Movies Nowadays Are Like Reading Novels, Lack Depth: Subhash Ghai
Movies Nowadays Are Like Reading Novels, Lack Depth: Subhash Ghai
Known for spinning magic on the silver screen in the 1980s and 1990s, Ghai also said films now don't offer something valuable to the audience and instead use a flat storytelling technique.

New Delhi: Subhash Ghai, Bollywood's 'showman', feels the soul is missing from the films being made today. The veteran filmmaker says directors focus more on the business model of a project instead of the story, and that is why they fail to connect with the audience.

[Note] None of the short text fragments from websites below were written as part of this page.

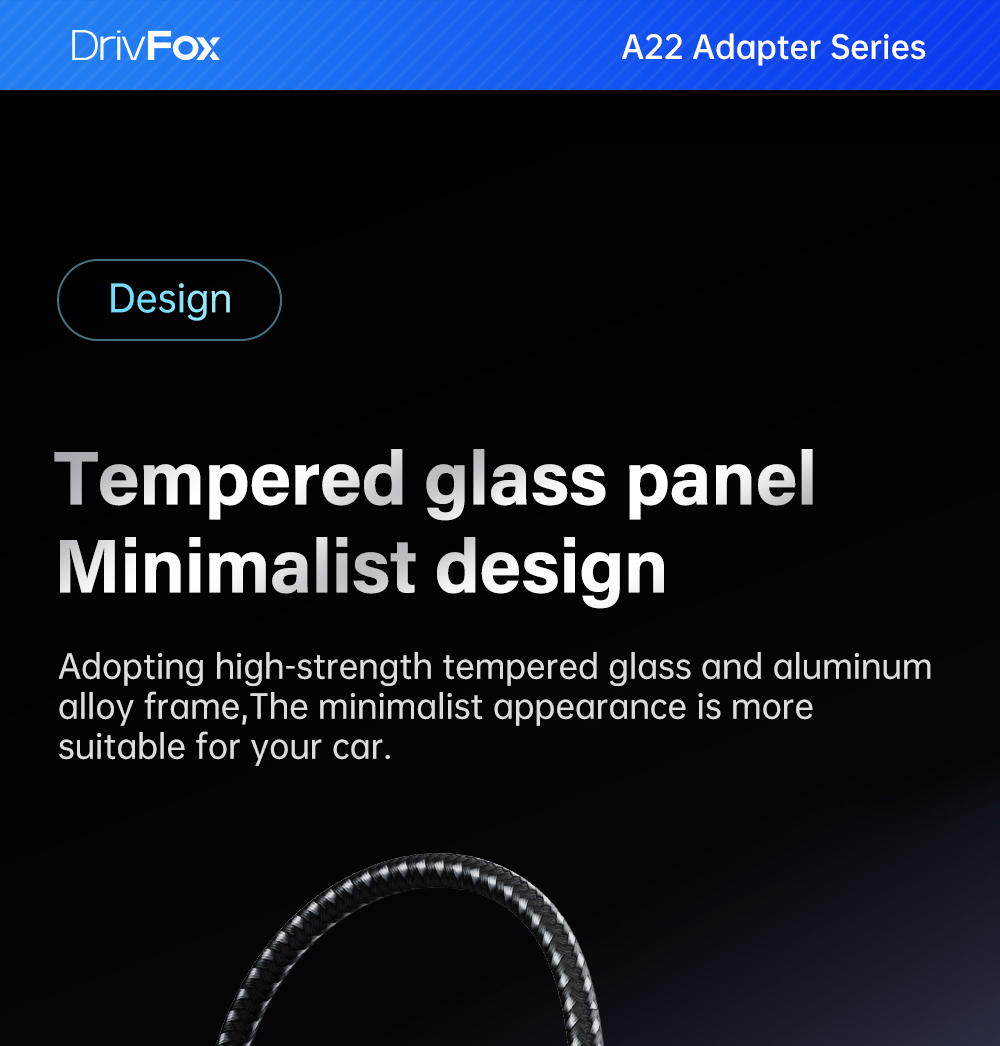 DriFox A22 Wired to Wireless Carplay Adapter, Plug & Play, Auto-Connect, 5.8GHz Fast Data Transmission, Voice Assistant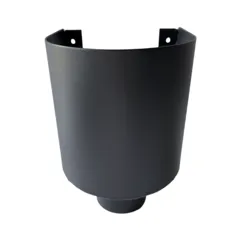 Kallos Aluminium vergaarbak Mini 80 mm rond - antraciet RAL 7021 fijnstructuur (Kallos 2,0 mm)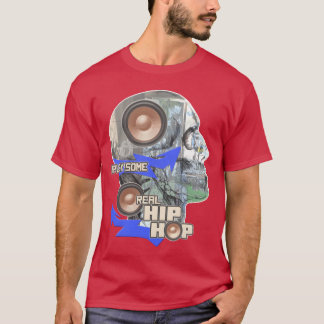 Play some real Hip Hop music DJ MC Rapper Bboy art T Shirt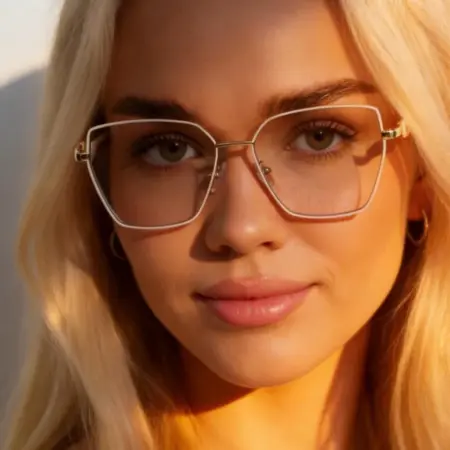 Очки для зрения -2.5 затемненные. OptiKa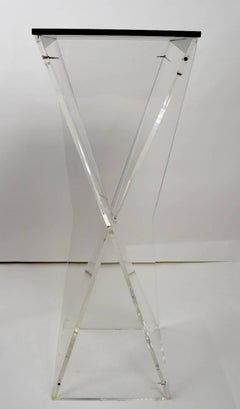 Modernist Lucite Pedestal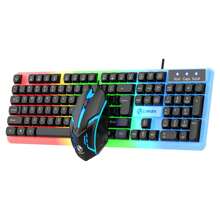 Mechanical Feeling Keyboard And Mouse Combo, RGB LED Backlit, USB Wired - 104 Keys - Ideal Choice For Gaming And Office - White - View 4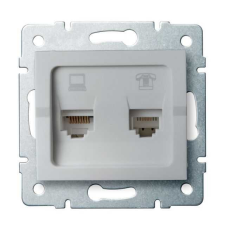 KANLUX 25230 LOGI 02-1430-043 Adat-telefoncsatlakozó aljzat (RJ45 Cat 5e+RJ11) villanyszerelés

"Right now, the common tendency is to take money and make a film. That is why people are making projects, they are not making motion pictures... Pick star cast, make the film, and do marketing in such a way that it crosses Rs 100 crore in four days -- that is how films are being made today," Ghai said over phone from Mumbai.

Known for spinning magic on the silver screen in the 1980s and 1990s, Ghai also said films now don't offer something valuable to the audience and instead use a flat storytelling technique.

"They fail to transport the audience to the world of the movie, and don't make them a part of the story as well," Ghai said.

"People take their families for a movie thinking that they will enter a new universe through the film, and go back with something that will stay with them forever. But watching films today seems like reading a novel. We read the story and come back home without taking away anything from it," he added.

Ghai said "there have been hardly two or three films in the last three or four years that give you something to take home".

Talking about his work, he said: "I still meet some people at the airport who tell me that they have seen my movies at least 30 times.

"I am a cinema child and student. When I started making movies, I had one thing in mind that the films need to survive for 50-100 years."

Having started his directorial career with the 1976 film Kalicharan, Ghai's repertoire is studded with cinematic gems like Karz, Ram Lakhan, Khalnayak, Pardes, Taal, Saudagar and Karma.

His last few movies Yuvvraaj, Kaanchi: The Unbreakable and Black & White -- failed to spin magic at the box office, and went unnoticed. He also backs films under his banner Mukta Arts, has a film school Whistling Woods International and is working towards reviving classic cinema with Mukta A2 Cinemas, a division of Mukta Arts Limited.

Under this initiative, he will re-release his hits starting with Taal at New Excelsior Mukta A2 Cinema on Sunday. It will be followed by his other films, and will move on to films like Rang De Basanti and Lagaan.

Talking about the initiative, the 72-year-old said: "Anil Kapoor, Jackie Shroff and other people asked me to release my films once again in this theatre. When we saw the specimen, the pictures looked so different than what we have seen on television or computer due to advanced technology.

"The kind of motion pictures which will take you to the locales of the film...That is real cinema."

Ghai -- who also expressed his disappointment over the shut down of the iconic Regal Cinema in Delhi -- says he is devoted to reviving classic cinema, and plans to take his endeavour out of Mumbai.

"We will see the response first and then go to all metro cities."

Ghai also stressed the importance of building drama theatre auditoriums by the Indian government.